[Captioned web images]
◇ ◇ ◇ ◇
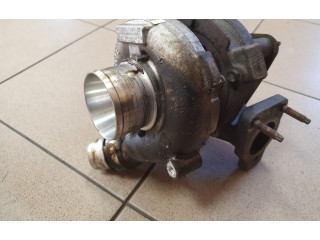 Турбина Nissan X-Trail T31 8200638766, H8200638766 для двигателя M9R833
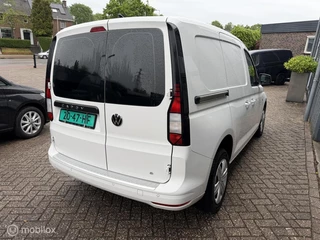Volkswagen Caddy 2021 - 2.0 TDI 122 PK obrazek 5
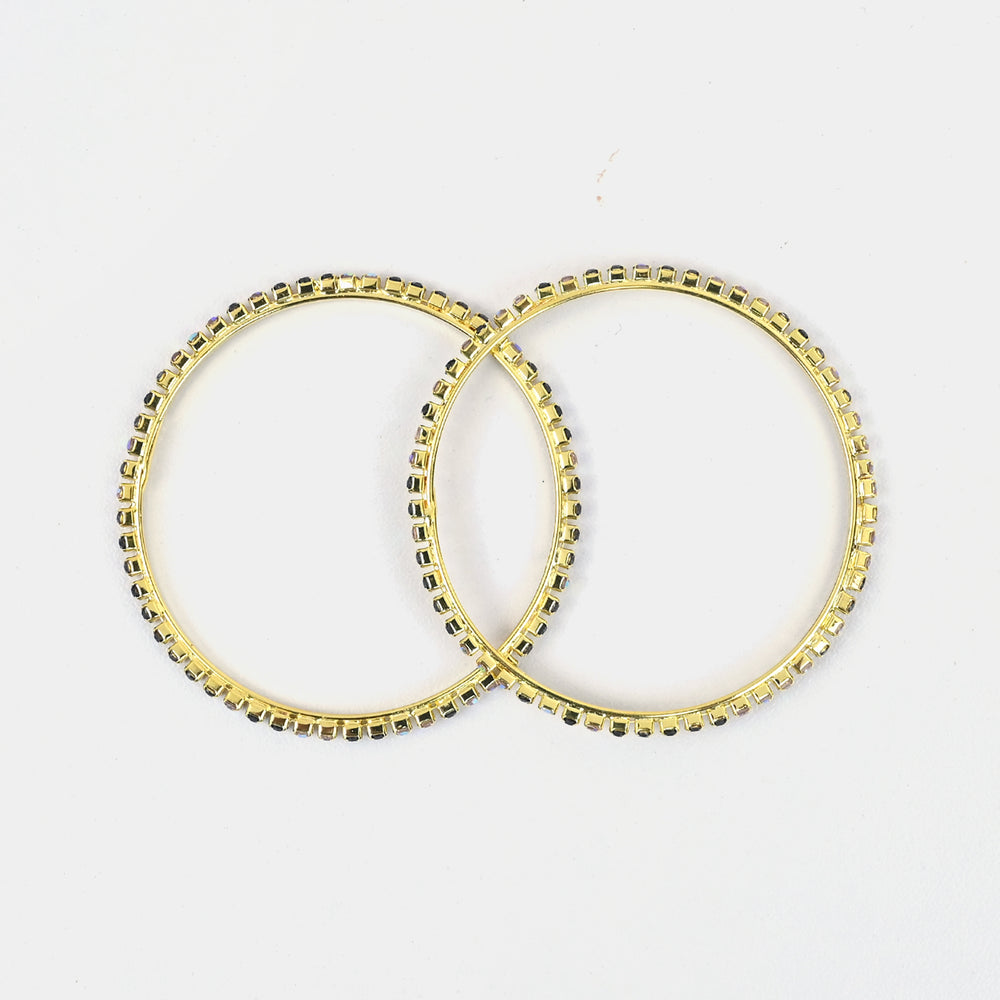 Elegant Bangles 2PCs For Girls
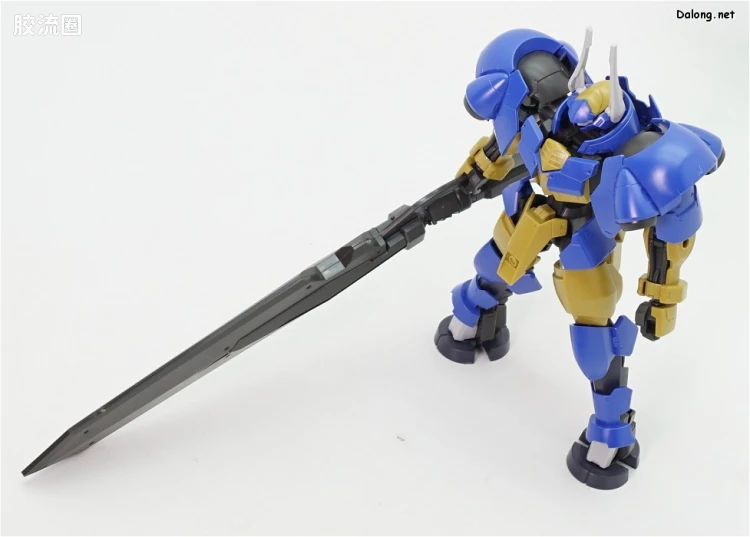 高达铁血的奥尔芬斯 HG 1/144 普通版 31 荷姆薇洁·转生式 - 图片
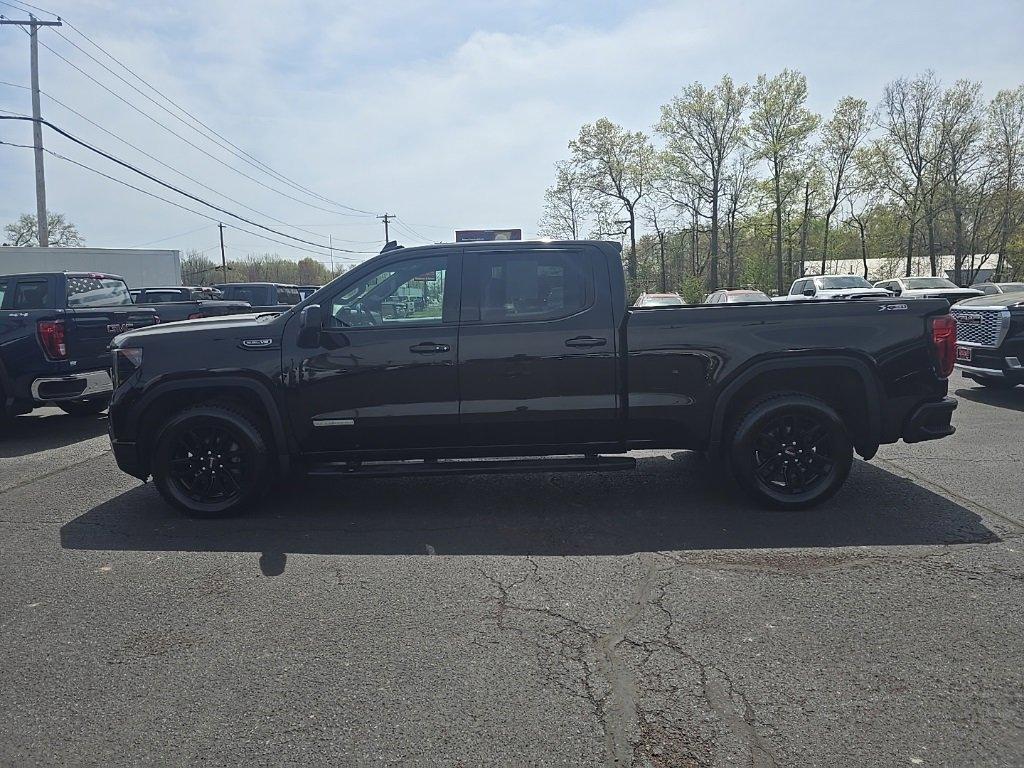used 2022 GMC Sierra 1500 car, priced at $46,995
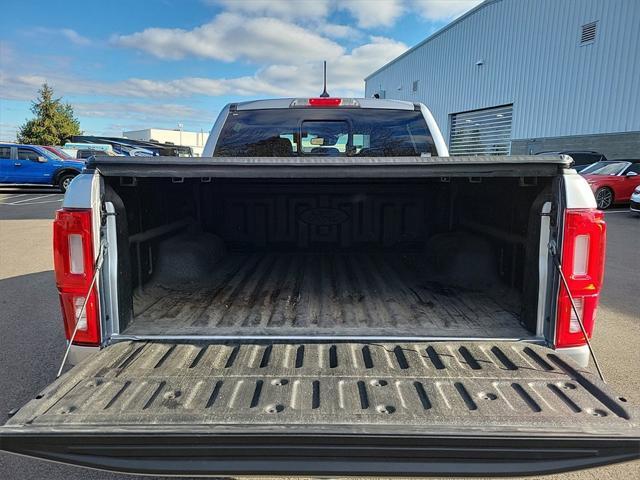 used 2022 Ford Ranger car, priced at $34,711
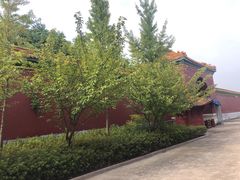 -横店影视城明清宫苑园区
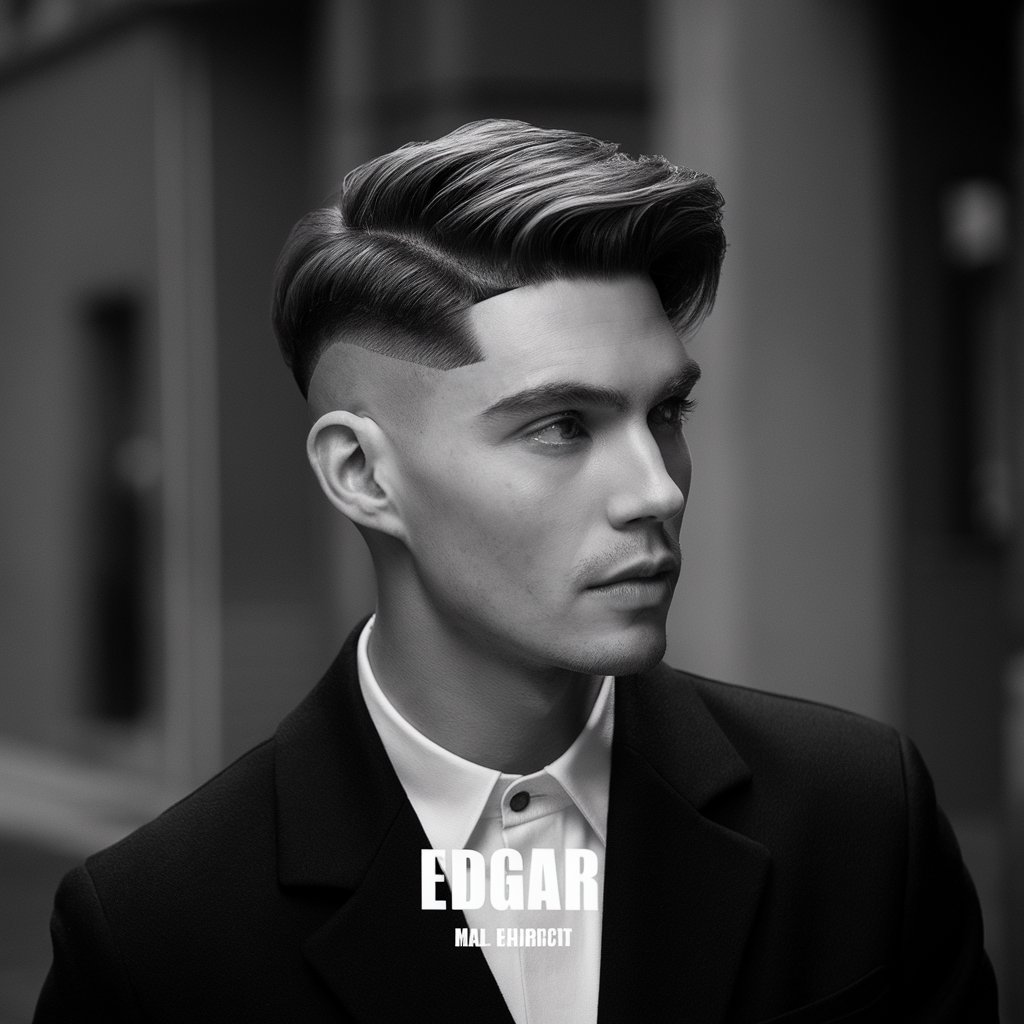 Edgar Haircuts for Men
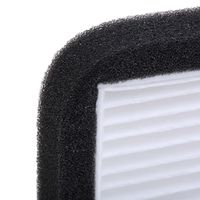 RIDEX 424I0121 - Filtro, aire habitáculo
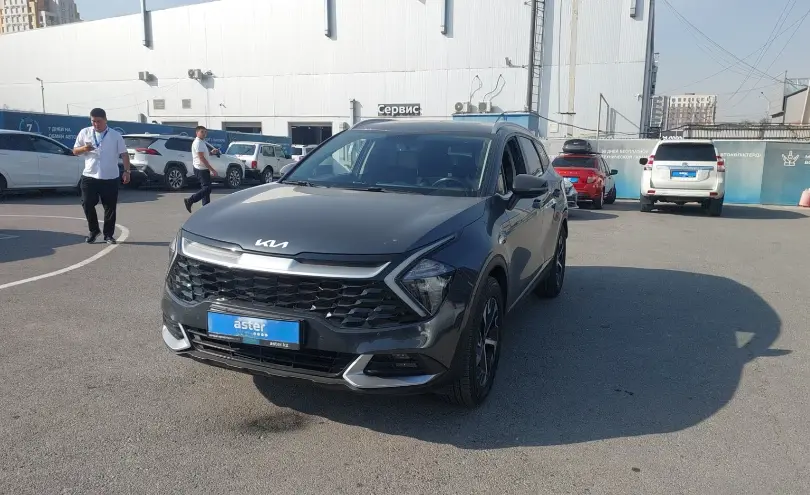 Kia Sportage 2023 года за 12 790 000 тг. в Шымкент фото 1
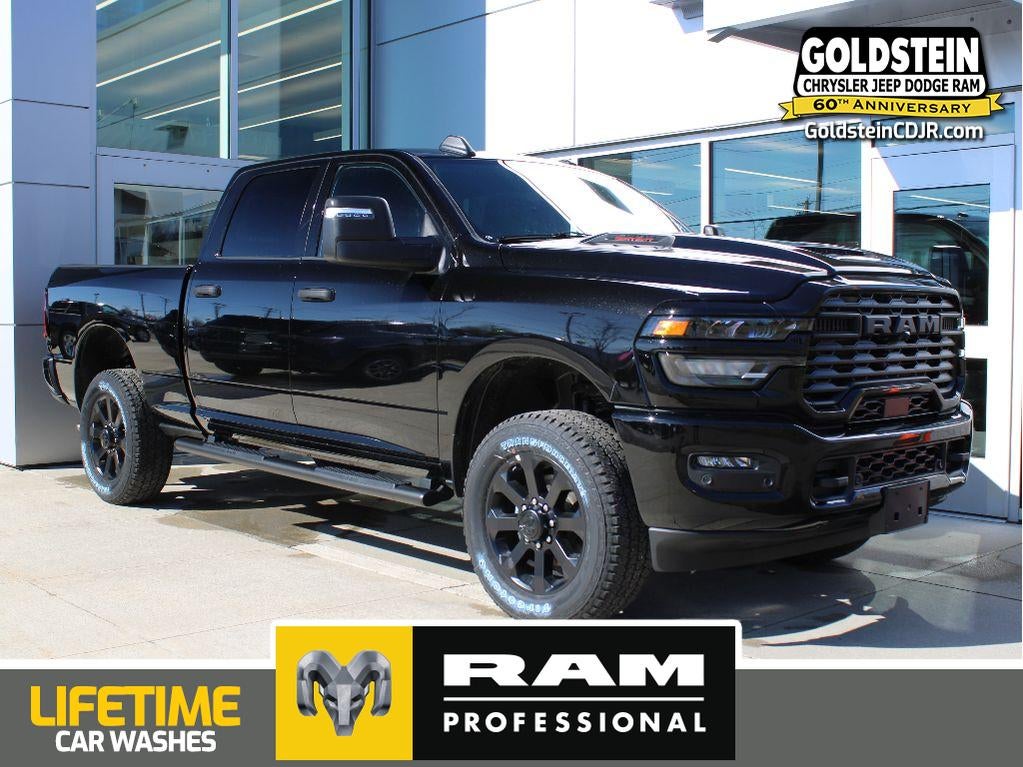 2026 RAM Ram 2500 Black Express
◇ ◇ ◇ ◇
> About this task:
Since the pictures don't belong in the copy, copy only the rest of the entries above exactly.

> Response:
 Турбина Nissan X-Trail T31 8200638766, H8200638766 для двигателя M9R833
Volkswagen Caddy 2021 - 2.0 TDI 122 PK obrazek 5
 Elegant Bangles 2PCs For Girls
 高达铁血的奥尔芬斯 HG 1/144 普通版 31 荷姆薇洁·转生式 - 图片
used 2022 GMC Sierra 1500 car, priced at $46,995
 used 2022 Ford Ranger car, priced at $34,711
 -横店影视城明清宫苑园区
 Edgar Haircuts for Men
 RIDEX 424I0121 - Filtro, aire habitáculo
 Kia Sportage 2023 года за 12 790 000 тг. в Шымкент фото 1
 2026 RAM Ram 2500 Black Express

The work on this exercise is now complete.